--- Required work ---
Images are to be left out when the records below are printed word for word.

***** The data

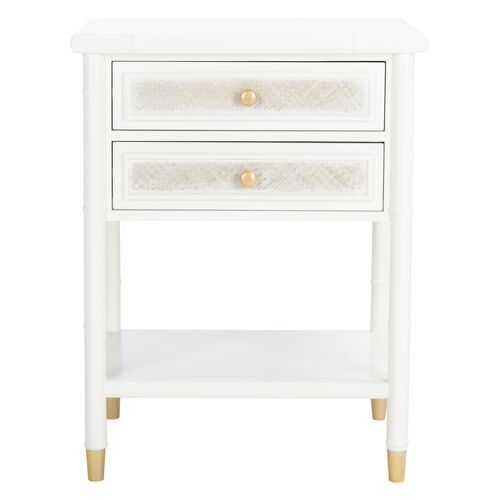 Ewen Accent Table, White/Gold | One Kings Lane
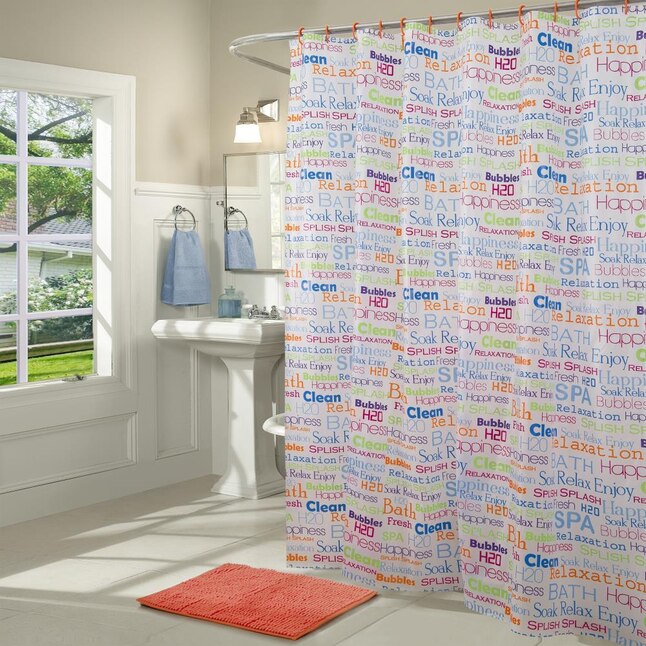 Patterned Shower Curtain, Bubbles Shower Curtain Liner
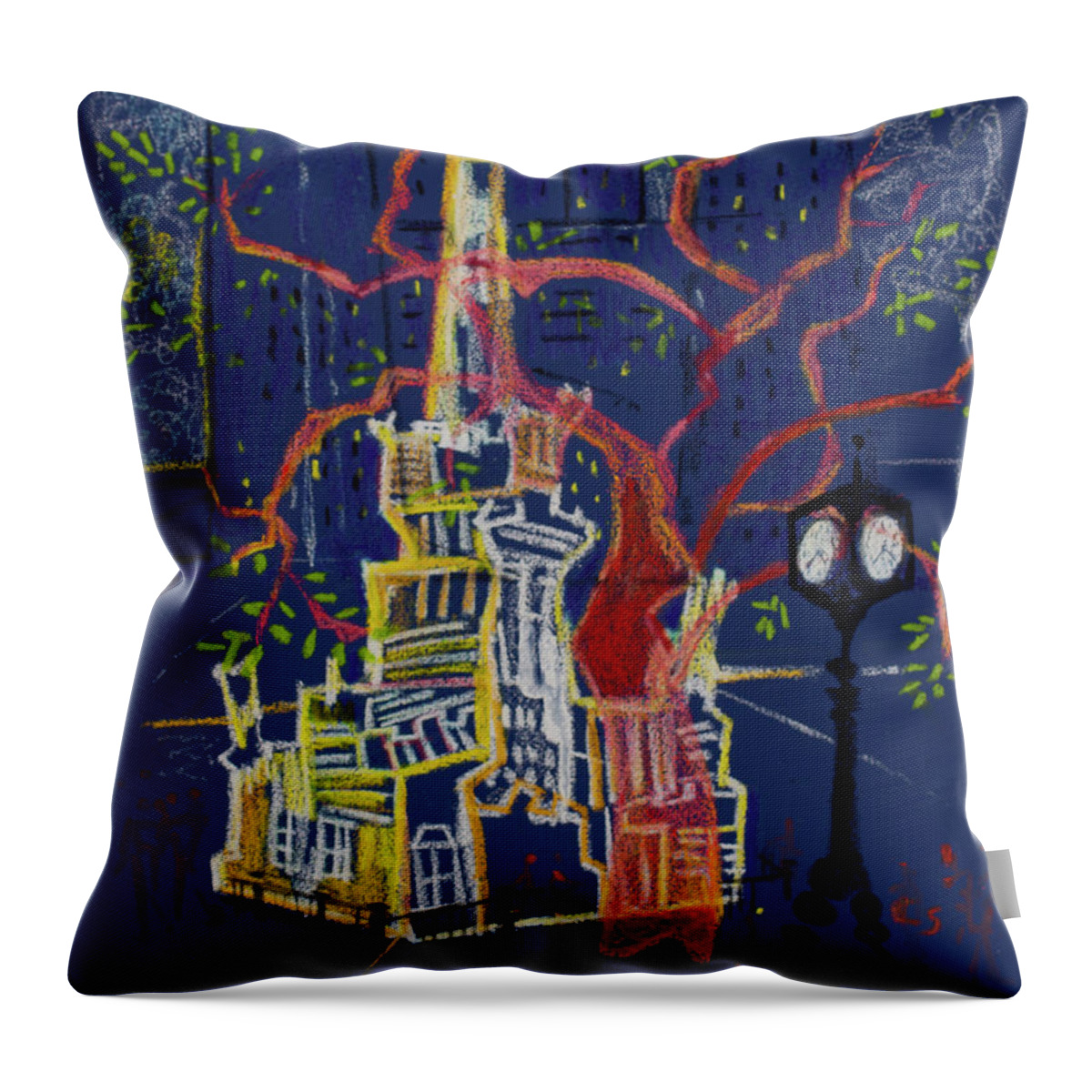 Chicago Water Tower Throw Pillow featuring the painting Chicago Water Tower by Cherie Salerno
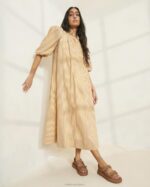 femmes Loeffler Randall bande marron robe oversize à manches bouffantes à rayures mimi vêtements 8HL8175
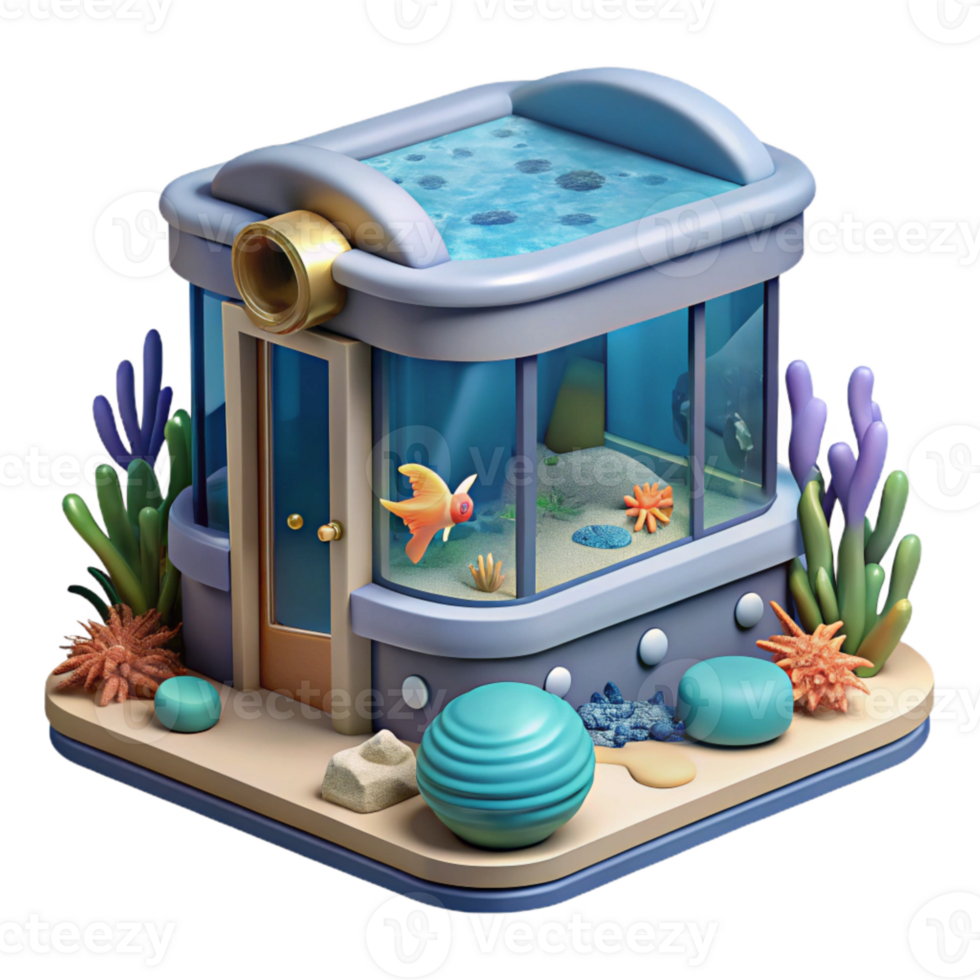 vibrant modern Ocean City Aquarium with Marine Life Isolated Element high resolution png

**********

--- The completed task ---
 Ewen Accent Table, White/Gold | One Kings Lane
 Patterned Shower Curtain, Bubbles Shower Curtain Liner
 Chicago Water Tower Throw Pillow featuring the painting Chicago Water Tower by Cherie Salerno
 femmes Loeffler Randall bande marron robe oversize à manches bouffantes à rayures mimi vêtements 8HL8175
 vibrant modern Ocean City Aquarium with Marine Life Isolated Element high resolution png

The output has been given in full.